Estos días he disfrutado como un niño con zapatos nuevos –aunque hoy habría
que decir como un niño con ‘smartphone’ de última generación– al contemplar una curiosa colección de pianos verticales llegados del vecino país francés. Me gusta visitar los rastros, posiblemente porque uno ya no está como la procesionaria, para recorrer los laberinticos pasillos de Ikea que sabes cuando entras, pero sueles hiperventilar a la salida.
Los pianos estaban muy envejecidos, descoloridos externamente del barniz original,
las teclas de marfil –ahora son de plástico– amarilleaban, tal vez del sudor y la nicotina de los dedos de sus tocadores. Dentro del instrumento, en su corazón de cuerdas percutidas, ni por curiosidad observé lo más mínimo por temor a encontrarme con la hermana polilla que, según los últimos estudios científicos, suele tener buen oído. Eso queda para los restauradores. Pero, a los que nos apasiona la música, es tentador ver un piano, el más completo de los instrumentos, levantar la tapa y, suavemente, acariciar su teclado. Algo sublime. Es como hacer manitas en la ‘púber’ con el primer amor, en una sinfonía de fantásticas sensaciones.

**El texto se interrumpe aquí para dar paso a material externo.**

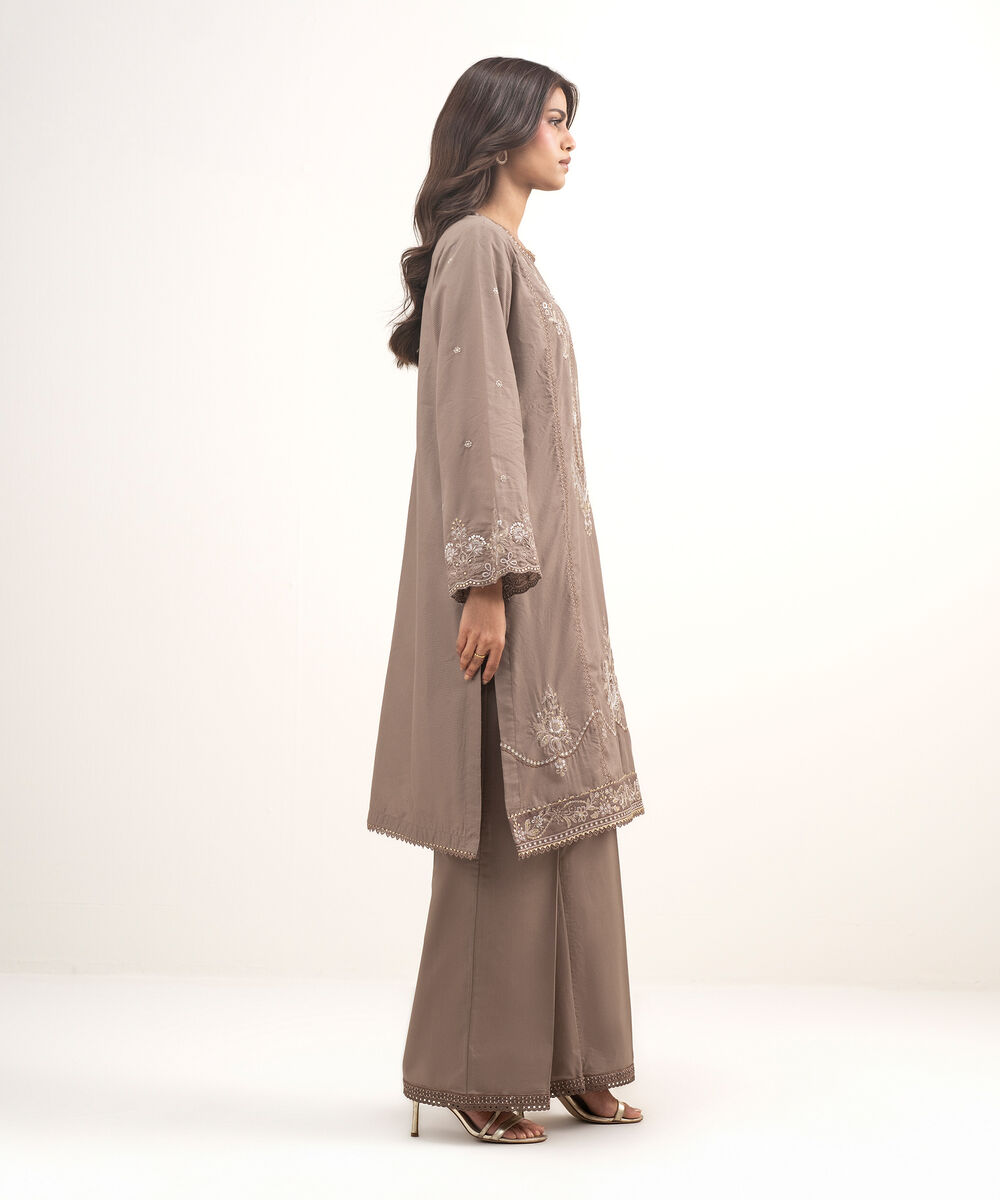 Women's RTW Zari Lawn Embroidered Brown 2 Piece Suit
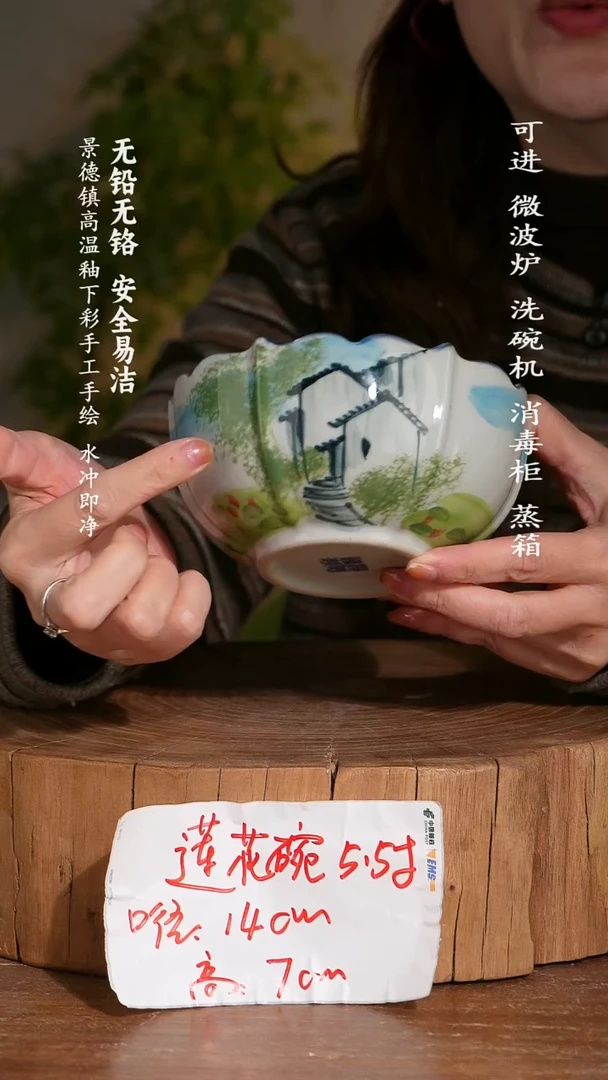 碗陶瓷景德镇高温瓷釉下彩手绘陶瓷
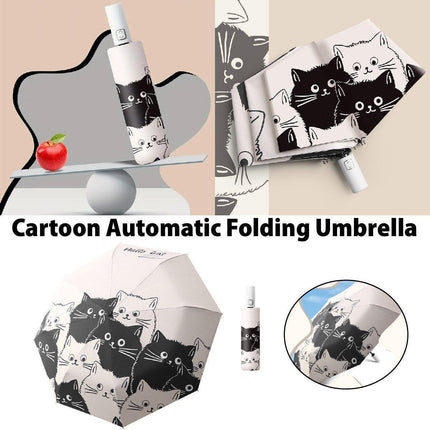 1PC Cartoon Black White Cat Automatic Folding Sun Umbrella Anti-UV For Unisex.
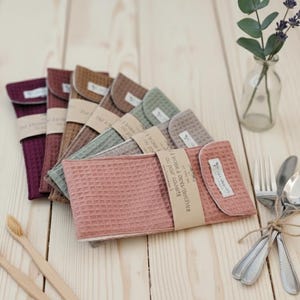 Etui pochette de voyage pour brosse à dents et dentifrice ou couverts - plusieurs couleurs au choix - coton nid d'abeille Bio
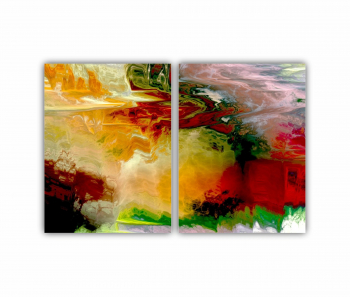 Set 2 Tablouri Multicanvas abstract colorful illustration 1 - ROBERTO SORIN 0032 180X120 cm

En aquel rastro los pianos, distintos, estaban, alineados en su soledad, desafinados, a
la espera de que algún coleccionista se los llevara a su casa y les diera, no sólo hogar, sino vida y afinamiento. Toda aquella muestra me recordó a esta tierra.
Granada tiene pianos de referencia, histórica, con arte y afinación: el de Federico, el
de Falla, el de Pepita Bustamante, el de Carrillo o el de la maestra Maribel Calvín… Sin
mencionar a las nuevas generaciones, que son muchos y grandes intérpretes, que hacen de Granada ciudad poética, literaria y musical. Capital de la Cultura.
Cuando, espontáneamente, pulsé el teclado de algunos pianos, en aquel rastro, pensé que a nuestra ciudad había que afinarla y conseguir retos que nos proporcionen desarrollo y prosperidad y menos frustraciones. No podemos estar siempre inactivos, «esperando a Godot». Porque Godot es, dramáticamente, un personaje inexistente, a quien a pesar de todo se espera, sin saber qué porta. Una ciudad con ése enorme potencial histórico, cultural y natural no se merece ni el desatino ni el desafino de las distintas administraciones.
La chufla del mal llamado Metro. El AVE que no vuela. El museo de la ciudad, que ha
sido ignorado, como el teatro de la Opera. La tomadura de pelo de la Fundación Federico García Lorca, consorciada, del edificio –con financiación pública– que presumiblemente debía albergar el legado del poeta por decisión, en su día, de sus herederos. Un aeropuerto que abarca, chuscamente, a dos provincias, Granada y Jaén, con vuelos rasantes.
Un museo Arqueológico con expectativa ruinosa. Esa presa de Rules que sigue arrojando agua al mar. Y el Puerto de Motril que tiene comandante pero le falta la fiel infantería. O esa Alpujarra, que podía estar en la lista de espera para ser declarada Patrimonio de la Humanidad y que la desidia envidiosa de muchos y el falso mensaje de los engañosos predicadores ha paralizado…
Granada me la he imaginado, después de visitar las naves del rastro y sorprenderme
con esos históricos instrumentos, como un piano abandonado después de un concierto memorable – como aquellos que ofrecía el maestro Rubinstein, en los Arrayanes–. Lo auténticamente lamentable es que el piano –Granada– caiga una y otra vez en manos insensibles, perversas, inexpertas, dando la desafinada nota y esperando a Godot.